Texas A&M University BS – Mechanical Engineer, 2011
Carnegie Mellon University – MBA (expected in 2019)
Mechina Program, 2017
Unlike the University of Texas, the campus of Texas A&M University is not a hotbed of Jewish activity. It caters to the “real Texan” — the cowboy, the farmer and the budding oil field engineer; not the liberal arts “New York transplant” to Houston or Dallas. Lior Remson falls into the former category. His father, who is a chemical engineer and a safety consultant to the oil and gas industry, settled in Spring to be near the oil fields. Lior followed in his footsteps. His degree in Mechanical Engineering is geared towards the manufacture of products used in oil and gas production.
Lior’s Jewish upbringing was fairly traditional. His family was a member of a Conservative synagogue, and he and his younger brother attended a Young Judaea camp for a number of summers where they were exposed to the concepts of Shabbat and kashrut. Lior also worked for two summers in that camp when he was older. While in college his Judaism was similar to that of most young American Jews — he was aware and proud of his Jewish identity, but it had no practical impact on his campus life.
After graduation Lior got a job in Houston as a mechanical engineer with Halliburton, the giant oilfield production company and then for Bray Controls, another international oilfield production company. After a few years in Houston he got a job offer from an Australian mining company operating in Edmonton, Alberta. The company, Bradken, manufactures “consumables” — pipes, crushing equipment and other metal components for the oil and gas and mining industries. Lior was involved as a design engineer at first and then in manufacture. Professionally he was feeling quite fulfilled. Lior is also and avid skier, and Edmonton, situated near the Canadian Rockies, offered him many opportunities to pursue that hobby. Looking for social interaction, he sought out the small, but well-organized Jewish community of Edmonton, and he made a number of friends.
In 2015 his younger brother dropped a bombshell on the family. He had decided to be baptized as a Mormon. A student at Trinity College in San Antonio, he had a number of Mormon friends. Even earlier, back in Spring, Texas, he had also been close to a Mormon family which lived nearby. He travelled all over the world, and while in India he stayed with that same family who was in Mumbai on the husband’s extended business trip. It was there that he became convinced to convert. The Mormon Church sent Lior’s brother to Ecuador for two years as a missionary.
His brother’s decision caused Lior to examine his own life and beliefs. In the summer of 2015 he went on a Birthright trip to Israel and was greatly moved. Upon his return to Edmonton he started attending an Orthodox shul, and began learning Torah with a rabbi in the Ghermezian Kollel. He was a frequent guest at the rabbi’s Shabbat table. Eventually he started putting on tefillin daily, keeping kosher and became shomer Shabbat, even though this entailed his giving up long weekends of skiing in the Rockies.

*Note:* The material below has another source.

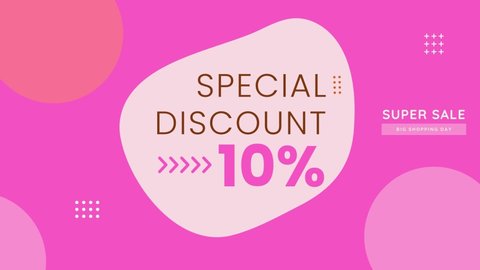 special discount 10% pink background suitable for product promotion and your business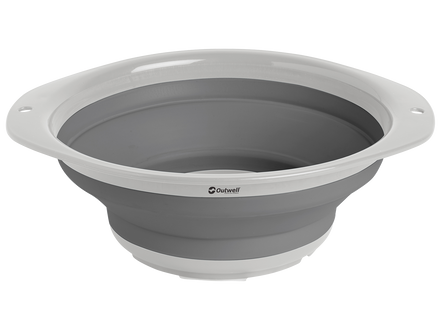Gray silicone bowl with a white rim on a white background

Earlier this year, Lior made a decision to get an MBA, and is now starting a two-year course at Carnegie Mellon University in Pittsburgh. Before doing so, he spent the last few months at Ohr Somayach’s Mechina Program in Jerusalem on the recommendation of Rabbi Yitzchok Becker, a former member of the Ghermezian Kollel and now on the staff of Ohr Somayach.
In June, Lior’s grandmother, mother and father came to Israel. His father was here on consulting business, and they all came to visit Lior at the Yeshiva. After meeting with Rabbi Dr. Guy Matalon for dinner they were even happier with Lior’s decision to come to the Yeshiva to learn. Lior has loved his time at Ohr Somayach and plans to return.